**What this task involves:**
Scan the lines below for the word "Main". Copy each line you find it in.

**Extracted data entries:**

+++++

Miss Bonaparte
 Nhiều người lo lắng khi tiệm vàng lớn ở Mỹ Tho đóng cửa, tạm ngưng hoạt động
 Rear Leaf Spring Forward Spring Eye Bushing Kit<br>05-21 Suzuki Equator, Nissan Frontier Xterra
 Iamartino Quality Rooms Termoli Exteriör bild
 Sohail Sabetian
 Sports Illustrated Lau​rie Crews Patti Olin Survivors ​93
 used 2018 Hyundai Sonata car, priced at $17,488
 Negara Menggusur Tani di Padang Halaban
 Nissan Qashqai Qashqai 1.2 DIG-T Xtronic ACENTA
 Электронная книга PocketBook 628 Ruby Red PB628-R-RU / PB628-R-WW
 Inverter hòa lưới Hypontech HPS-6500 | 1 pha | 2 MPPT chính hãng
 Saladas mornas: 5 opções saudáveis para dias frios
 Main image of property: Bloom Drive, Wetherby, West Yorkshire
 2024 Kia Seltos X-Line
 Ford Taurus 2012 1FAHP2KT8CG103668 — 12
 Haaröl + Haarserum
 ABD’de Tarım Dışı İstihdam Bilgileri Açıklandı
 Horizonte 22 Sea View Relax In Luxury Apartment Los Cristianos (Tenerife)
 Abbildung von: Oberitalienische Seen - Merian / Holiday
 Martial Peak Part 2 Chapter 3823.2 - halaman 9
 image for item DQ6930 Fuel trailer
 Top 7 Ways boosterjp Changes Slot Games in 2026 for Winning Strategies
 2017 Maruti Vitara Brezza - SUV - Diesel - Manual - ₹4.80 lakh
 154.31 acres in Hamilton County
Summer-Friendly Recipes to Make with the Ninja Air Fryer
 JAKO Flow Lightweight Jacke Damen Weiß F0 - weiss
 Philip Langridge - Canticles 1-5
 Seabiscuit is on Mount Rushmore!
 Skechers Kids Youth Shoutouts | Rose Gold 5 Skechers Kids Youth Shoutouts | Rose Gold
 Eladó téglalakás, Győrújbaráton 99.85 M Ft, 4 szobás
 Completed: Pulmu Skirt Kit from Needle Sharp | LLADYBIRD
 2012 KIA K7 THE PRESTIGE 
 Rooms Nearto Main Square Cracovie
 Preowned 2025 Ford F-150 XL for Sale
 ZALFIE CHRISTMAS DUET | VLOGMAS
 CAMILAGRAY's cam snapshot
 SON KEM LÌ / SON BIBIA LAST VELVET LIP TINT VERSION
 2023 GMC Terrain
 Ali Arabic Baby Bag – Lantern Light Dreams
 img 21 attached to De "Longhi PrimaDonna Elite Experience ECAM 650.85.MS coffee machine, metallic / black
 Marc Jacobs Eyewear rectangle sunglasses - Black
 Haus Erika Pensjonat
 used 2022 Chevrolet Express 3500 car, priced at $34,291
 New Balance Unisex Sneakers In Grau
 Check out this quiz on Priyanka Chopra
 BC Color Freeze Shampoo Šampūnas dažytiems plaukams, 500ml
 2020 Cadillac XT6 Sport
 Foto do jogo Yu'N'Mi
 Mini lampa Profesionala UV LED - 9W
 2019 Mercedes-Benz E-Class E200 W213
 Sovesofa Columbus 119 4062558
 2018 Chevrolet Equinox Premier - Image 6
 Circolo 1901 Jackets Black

+++++

**Solved problem:**
 Main image of property: Bloom Drive, Wetherby, West Yorkshire
 Rooms Nearto Main Square Cracovie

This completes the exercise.